The whole history of the people of Isreal is the history of God's revelation of His presence with HIs people.  From the time of Adam, to Abraham, to Moses and on down through the prophets, kings, and matriarchs the message was constant: "I will be your God and you will be my people."  The difficulty was that just as consistent as that message was, so was the constancy of the struggle of the people of Isreal to receive that message.  There were times in which it was clear that God was with the people.  When Abraham and Sarah became parents after many years without children, when the people were lead out of slavery from Egypt, when the boy David slew the giant Goliath with a sling, when the prophets provided great signs, it was clear that God was with them.  Yet when things were fine the people grew complacent and forgot about God’s presence.  When times were difficult they struggled to see how God was with them.  Again and again, they struggled to hold on to the understanding that God was with them.  The message was constant and yet they struggled to integrate it into their lives.
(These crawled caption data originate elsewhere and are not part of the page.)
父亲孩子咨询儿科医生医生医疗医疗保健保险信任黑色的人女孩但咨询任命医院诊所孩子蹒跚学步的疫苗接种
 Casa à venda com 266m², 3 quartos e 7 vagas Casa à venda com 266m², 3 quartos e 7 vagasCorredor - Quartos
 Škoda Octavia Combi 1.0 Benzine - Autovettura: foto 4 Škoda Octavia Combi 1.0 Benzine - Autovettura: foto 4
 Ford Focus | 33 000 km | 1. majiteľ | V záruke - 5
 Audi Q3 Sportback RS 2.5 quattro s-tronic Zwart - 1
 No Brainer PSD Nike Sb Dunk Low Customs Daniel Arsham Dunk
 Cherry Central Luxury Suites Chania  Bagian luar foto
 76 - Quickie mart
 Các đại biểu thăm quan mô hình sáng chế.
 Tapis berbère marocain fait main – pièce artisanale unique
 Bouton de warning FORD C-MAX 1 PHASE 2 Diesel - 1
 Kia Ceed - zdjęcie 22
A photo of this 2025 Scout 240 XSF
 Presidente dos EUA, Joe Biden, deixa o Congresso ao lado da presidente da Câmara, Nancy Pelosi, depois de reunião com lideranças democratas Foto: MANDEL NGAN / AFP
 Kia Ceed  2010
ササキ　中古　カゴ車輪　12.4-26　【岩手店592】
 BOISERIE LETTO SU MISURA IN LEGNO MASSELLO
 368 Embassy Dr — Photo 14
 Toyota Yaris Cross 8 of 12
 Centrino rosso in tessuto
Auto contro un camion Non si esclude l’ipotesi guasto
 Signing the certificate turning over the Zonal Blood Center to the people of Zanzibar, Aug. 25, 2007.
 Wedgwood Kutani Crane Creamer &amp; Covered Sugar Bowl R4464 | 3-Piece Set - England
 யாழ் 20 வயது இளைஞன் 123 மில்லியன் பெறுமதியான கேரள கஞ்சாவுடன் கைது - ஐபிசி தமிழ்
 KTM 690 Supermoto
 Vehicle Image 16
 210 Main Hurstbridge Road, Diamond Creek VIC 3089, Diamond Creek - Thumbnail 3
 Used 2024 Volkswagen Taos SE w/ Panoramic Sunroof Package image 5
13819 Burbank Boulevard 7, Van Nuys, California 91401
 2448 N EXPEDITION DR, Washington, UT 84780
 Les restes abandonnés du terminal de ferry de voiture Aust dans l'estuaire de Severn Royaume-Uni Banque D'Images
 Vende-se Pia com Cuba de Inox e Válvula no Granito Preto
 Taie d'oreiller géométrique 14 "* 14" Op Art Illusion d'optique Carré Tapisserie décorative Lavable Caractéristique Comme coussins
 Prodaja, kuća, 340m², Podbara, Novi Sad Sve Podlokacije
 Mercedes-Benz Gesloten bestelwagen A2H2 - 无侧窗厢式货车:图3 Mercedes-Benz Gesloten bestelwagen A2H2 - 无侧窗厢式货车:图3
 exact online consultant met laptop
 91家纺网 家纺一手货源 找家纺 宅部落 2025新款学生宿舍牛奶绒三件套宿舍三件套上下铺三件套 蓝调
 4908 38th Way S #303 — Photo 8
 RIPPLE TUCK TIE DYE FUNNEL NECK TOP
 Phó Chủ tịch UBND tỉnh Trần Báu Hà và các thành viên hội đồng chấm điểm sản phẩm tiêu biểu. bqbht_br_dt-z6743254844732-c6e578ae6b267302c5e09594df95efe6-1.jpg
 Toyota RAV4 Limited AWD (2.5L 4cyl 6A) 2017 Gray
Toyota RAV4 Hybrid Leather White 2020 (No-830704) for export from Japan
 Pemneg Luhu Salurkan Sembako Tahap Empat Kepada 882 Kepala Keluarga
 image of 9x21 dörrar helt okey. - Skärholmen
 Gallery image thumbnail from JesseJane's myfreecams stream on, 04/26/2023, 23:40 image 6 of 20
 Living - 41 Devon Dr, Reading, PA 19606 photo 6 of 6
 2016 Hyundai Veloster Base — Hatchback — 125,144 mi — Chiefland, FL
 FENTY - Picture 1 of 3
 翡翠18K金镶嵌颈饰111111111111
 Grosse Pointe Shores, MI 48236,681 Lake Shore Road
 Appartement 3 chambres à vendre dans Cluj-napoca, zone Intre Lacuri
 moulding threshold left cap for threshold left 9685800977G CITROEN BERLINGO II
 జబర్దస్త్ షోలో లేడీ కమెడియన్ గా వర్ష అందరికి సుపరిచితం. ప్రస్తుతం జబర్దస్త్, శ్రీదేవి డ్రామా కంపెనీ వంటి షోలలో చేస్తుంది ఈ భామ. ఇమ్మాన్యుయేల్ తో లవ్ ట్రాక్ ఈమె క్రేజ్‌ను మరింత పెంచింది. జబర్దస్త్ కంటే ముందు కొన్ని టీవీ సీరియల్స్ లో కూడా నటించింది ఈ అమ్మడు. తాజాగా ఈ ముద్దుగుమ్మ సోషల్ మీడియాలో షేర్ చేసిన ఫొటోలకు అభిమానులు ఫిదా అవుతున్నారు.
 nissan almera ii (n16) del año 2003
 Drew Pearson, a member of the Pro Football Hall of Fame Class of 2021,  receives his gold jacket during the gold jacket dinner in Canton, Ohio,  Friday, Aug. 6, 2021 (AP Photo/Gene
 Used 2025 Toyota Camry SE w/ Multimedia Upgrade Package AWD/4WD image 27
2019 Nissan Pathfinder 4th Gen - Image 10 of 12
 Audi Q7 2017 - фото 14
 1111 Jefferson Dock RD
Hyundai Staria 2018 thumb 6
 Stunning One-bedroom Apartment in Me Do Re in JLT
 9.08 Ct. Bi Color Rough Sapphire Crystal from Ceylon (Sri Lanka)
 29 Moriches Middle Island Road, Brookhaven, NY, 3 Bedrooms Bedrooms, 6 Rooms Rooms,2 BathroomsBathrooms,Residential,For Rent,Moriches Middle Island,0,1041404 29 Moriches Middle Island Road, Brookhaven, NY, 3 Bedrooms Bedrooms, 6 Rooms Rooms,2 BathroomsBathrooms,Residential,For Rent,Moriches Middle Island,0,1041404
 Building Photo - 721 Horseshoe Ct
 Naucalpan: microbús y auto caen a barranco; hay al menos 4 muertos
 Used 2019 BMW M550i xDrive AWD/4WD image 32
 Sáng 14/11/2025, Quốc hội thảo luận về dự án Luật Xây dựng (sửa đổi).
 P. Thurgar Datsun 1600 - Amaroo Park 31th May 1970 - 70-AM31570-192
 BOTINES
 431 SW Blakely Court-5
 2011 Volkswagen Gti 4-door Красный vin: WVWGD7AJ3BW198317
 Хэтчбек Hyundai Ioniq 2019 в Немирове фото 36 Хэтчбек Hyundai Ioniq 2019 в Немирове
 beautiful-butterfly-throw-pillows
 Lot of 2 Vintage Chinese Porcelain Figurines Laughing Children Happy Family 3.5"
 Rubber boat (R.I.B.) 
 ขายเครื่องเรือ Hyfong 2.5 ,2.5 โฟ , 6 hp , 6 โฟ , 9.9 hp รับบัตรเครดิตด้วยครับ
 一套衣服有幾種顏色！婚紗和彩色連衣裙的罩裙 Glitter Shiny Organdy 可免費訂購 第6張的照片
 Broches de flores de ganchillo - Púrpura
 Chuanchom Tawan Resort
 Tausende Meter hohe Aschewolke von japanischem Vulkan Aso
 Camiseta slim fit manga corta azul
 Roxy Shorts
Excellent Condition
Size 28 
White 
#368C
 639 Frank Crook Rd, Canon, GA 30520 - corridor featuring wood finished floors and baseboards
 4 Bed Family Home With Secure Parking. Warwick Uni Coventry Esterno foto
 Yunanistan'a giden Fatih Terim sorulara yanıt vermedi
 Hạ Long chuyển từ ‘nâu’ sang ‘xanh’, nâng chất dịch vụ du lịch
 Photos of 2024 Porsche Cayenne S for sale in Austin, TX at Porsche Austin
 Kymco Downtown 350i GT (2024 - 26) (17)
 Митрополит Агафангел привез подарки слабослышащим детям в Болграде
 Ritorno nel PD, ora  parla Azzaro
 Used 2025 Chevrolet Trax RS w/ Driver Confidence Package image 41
Then in the fullness of time, the greatest sign of God’s presence among his people came – the Eternal Word became flesh and dwelt among us.  The only begotten Son of God, who was from the beginning, through whom all things were made, took on human flesh and entered into the world.  There and then, God was not just present or attentive to the people, quite literally, God was with us.  This presence of God with us was not just for a day or for a week or even a year, it was for a lifetime.  God was with us.

The amazing part of this unity between God and humanity that came to be through the Word taking on human flesh is that Christ did not leave that flesh behind.  In His Resurrection, Christ was still united to human flesh, in His ascension that unity ascended into heaven with Him.  The unity that was forged in the Incarnation did not come to an end in the Resurrection.  We are still uniquely united to God through Jesus Christ.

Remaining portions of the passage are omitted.